« L’aide récente du Qatar à Gaza a prouvé que l’émirat peut jouer un rôle stratégique dans la résolution de certaines crises. »
Qu’on se le dise : l’accord qui a été signé entre Israël et les Emirats arabes unis, le 13 août dernier, n’est pas un « accord de paix », mais bien un accord de normalisation des relations entre les deux pays. Il serait à ce stade exagéré de présenter le troisième pays à signer un tel accord avec l’État hébreu d’acteur de paix pour autant. Abou Dhabi n’était pas en guerre avec Tel-Aviv : il n’y avait officiellement aucune relation entre les deux pays auparavant. En réalité, cela est faux et le story-telling politique a vite volé en éclats, puisque depuis 1996, des représentations commerciales existaient dans les deux pays, et la coopération scientifique, cybernétique entre autres, était déjà bien une réalité. Tout comme leur alliance de fait avec l’Arabie saoudite contre l’ennemi iranien. Geler l’annexion des territoires occupés en Cisjordanie par Israël était peut-être un préalable à la signature de l’accord, mais dans le même temps, c’était accepter tacitement cette colonisation et, en échange, espérer pouvoir se fournir en avions furtifs F-35, les plus modernes au monde, dont est équipé Israël qui jusque-là redoutait la concurrence régionale. Un signe de « paix » ?
« Artisans de paix »
L’accord de normalisation, ne fait qu’entériner des réalités de terrain, l’ouverture de chancelleries, de liaisons aériennes entre les capitales, et la reconnaissance mutuelle des deux pays. Accusant depuis quatre ans le Qatar de soutenir le terrorisme, Abou Dhabi, dans sa quête de leadership régional et dans son soutien à un certain nombre de régimes autoritaires, tout comme son implication au Yémen et en Libye, n’est pas au clair sur ce qu’on appelle la « paix ». Ces derniers jours, alors que les pays arabes accusent les Emirats de trahir l’oumma (existe-t-elle ?), la fameuse question israélo-palestinienne refait l’actualité à la lumière de la concurrence entre Abou Dhabi et Doha pour se positionner comme celui qui serait le meilleur médiateur de paix sur ce sujet.

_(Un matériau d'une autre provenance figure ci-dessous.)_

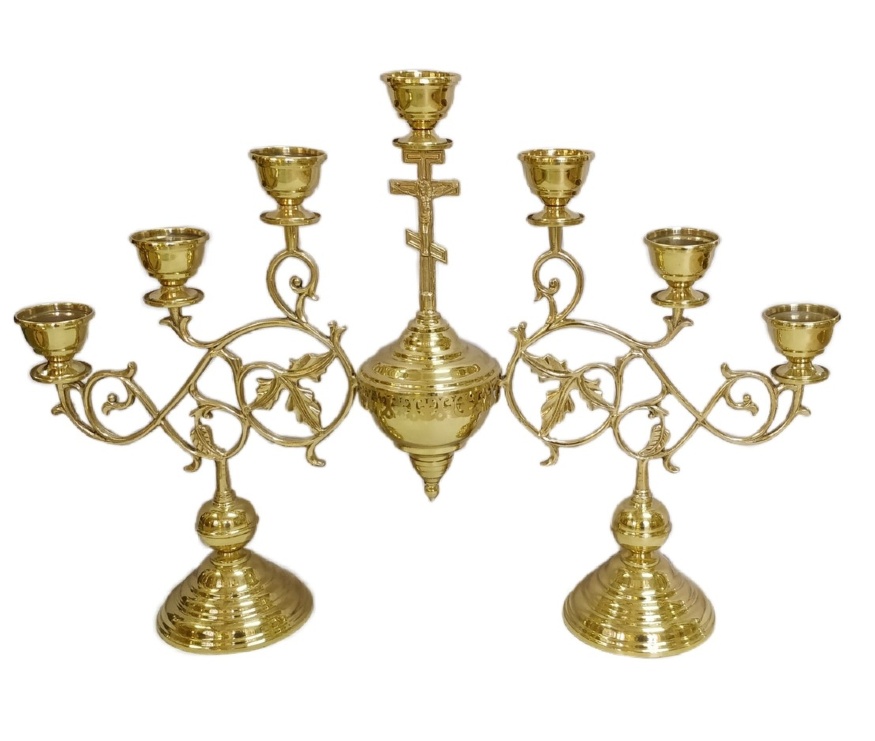 Seven-Branched Altar Candlestick No. 1 – 1 (Cross, Latin) 83×59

Si le Qatar joue les intermédiaires entre le gouvernement israélien et le Hamas, notamment, en soutenant depuis des mois le paiement des salaires des fonctionnaires à Gaza – que ne peut plus honorer l’Autorité palestinienne – afin de prévenir le chaos, le prince héritier d’Abou Dhabi, Mohammed Ben Zayed, a surtout réduit l’affaire à un soutien irrépressible de Doha aux islamistes. Or, même l’actuel président israélien, Reuven Rivlin, saluait ces jours-ci le rôle de Doha dans un tweet : « J’ai parlé avec l’envoyé spécial du Qatar, l’ambassadeur Mohammed al-Elmadi, et l’ai remercié pour son implication et ses efforts intenses pour stopper l’escalade et calmer la situation, qui ont lieu quotidiennement avec l’armée israélienne. J’ai insisté sur le fait qu’il était important que ces efforts débouchent sur un arrangement global, dont le retour de nos soldats prisonniers par le Hamas, et la sécurité de notre peuple. » Alors que depuis vingt ans, on ne cesse de citer le fameux processus de paix israélo-palestinien pour encore essayer de fédérer les pays arabes, que les Emirats arabes unis viendraient d’enterrer, il faut tout de même rappeler que le Hamas, qui joue les faiseurs de rois dans les territoires palestiniens, a été largement soutenu à sa création en 1988 par Israël afin d’affaiblir Yasser Arafat. Donc qui des Émirats ou du Qatar cherche à apaiser le feu ?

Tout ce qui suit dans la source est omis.